Data below

☆ ☆ ☆ ☆

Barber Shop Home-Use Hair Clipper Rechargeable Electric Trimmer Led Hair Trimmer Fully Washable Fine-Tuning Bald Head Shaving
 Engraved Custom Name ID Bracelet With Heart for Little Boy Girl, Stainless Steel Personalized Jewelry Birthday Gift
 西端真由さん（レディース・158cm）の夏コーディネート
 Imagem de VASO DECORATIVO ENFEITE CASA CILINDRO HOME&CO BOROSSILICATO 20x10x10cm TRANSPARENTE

☆ ☆ ☆ ☆

What the task asks
Everything from the first line of the data through the line holding "西端真由さん（レディース・158cm）の夏コーディネート" should be output exactly, and no other lines.

Answer for this exercise
Barber Shop Home-Use Hair Clipper Rechargeable Electric Trimmer Led Hair Trimmer Fully Washable Fine-Tuning Bald Head Shaving
 Engraved Custom Name ID Bracelet With Heart for Little Boy Girl, Stainless Steel Personalized Jewelry Birthday Gift
 西端真由さん（レディース・158cm）の夏コーディネート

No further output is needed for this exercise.